How to be the best Economic Data Scientist: The Seven Tools of Causal Inference and Ethics

Originally published on November 21, 2019, on LinkedIn, updated lightly October 29, 2022

My blog tagline is economists put the science into data science. Part of the reason I make this claim is many applied econometricians (sadly not all) place a high value on causality and causal inference. Further, those same economists will follow an ethic of working with data that is close to the 2002 guidance of Peter Kennedy and myself.

Judea Pearl discusses “The Seven Tools of Causal Inference with Reflections on Machine Learning” (cacm.acm.org/magazines/2019/3/234929), a Contributed Article in the March 2019 CACM.

This is a great article with three messages.

The first message is to point out the ladder of causation.

  1. As shown in the figure, the lowest rung is an association, a correlation. He writes it as given X, what then is my probability of seeing Y?
  2. The second rung is intervention. If I do X, will Y appear?
  3. The third is counterfactual in that if X did not occur, would Y not occur?

In his second message, he discusses an inference engine, of which he says AI people and I think economists should be very familiar. After all, economists are all about causation, being able to explain why something occurs, but admittedly not always at the best intellectual level. Nevertheless, the need to seek casualty is definitely in the economist’s DNA. I always say the question “Why?” is an occupational hazard or obsession for economists.

People who know me understand that I am a huge admirer, indeed a disciple of the late Peter Kennedy (Guide to Econometrics, chapter on Applied Econometrics, 2008). Kennedy in 2002 set out the 10 rules of applied econometrics in his article “Sinning in the Basement: What are the rules.” I think they imply practices of ethical data use and are of wider application than with Kennedy’s intended audience. I wrote about Ethical Rules in Applied Econometrics and Data Science here.

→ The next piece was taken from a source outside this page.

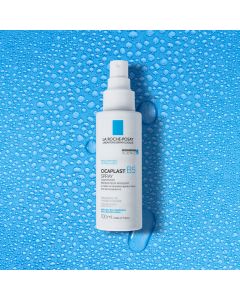 Picture of La Roche-Posay Cicaplast B5 Soothing Repairing Spray For Damaged Skin 100ML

Kennedy’s first rule is to use economic theory and common sense when articulating a problem and reasoning a solution. Pearl in his Book of Why explains that one cannot advance beyond rung one without other outside information. I think Kennedy would wholeheartedly agree. I want to acknowledge Marc Bellemare for his insightful conversation on the combination of Kennedy and Pearl in the same discussion of rules in applied econometrics. Perhaps I will write about that later.

Pearl’s third message is to give his seven (7) rules or tools for Causal Inference. They are

  1. Encoding causal assumptions: Transparency and testability.
  2. Do-calculus and the control of confounding.
  3. The algorithmization of counterfactuals. 
  4. Mediation analysis and the assessment of direct and indirect effects.
  5. Adaptability, external validity, and sample selection bias.
  6. Recovering from missing data. 
  7.  Causal discovery.

I highly recommend this article, followed by the Book of Why (lead coauthor) and Causal Inference in Statistics: A Primer. (lead coauthor). Finally, I include a plug for a book in which I contributed a chapter on ethics in econometrics, Bill Franks, 97 Things About Ethics Everyone in Data Science Should Know: Collective Wisdom from the Experts.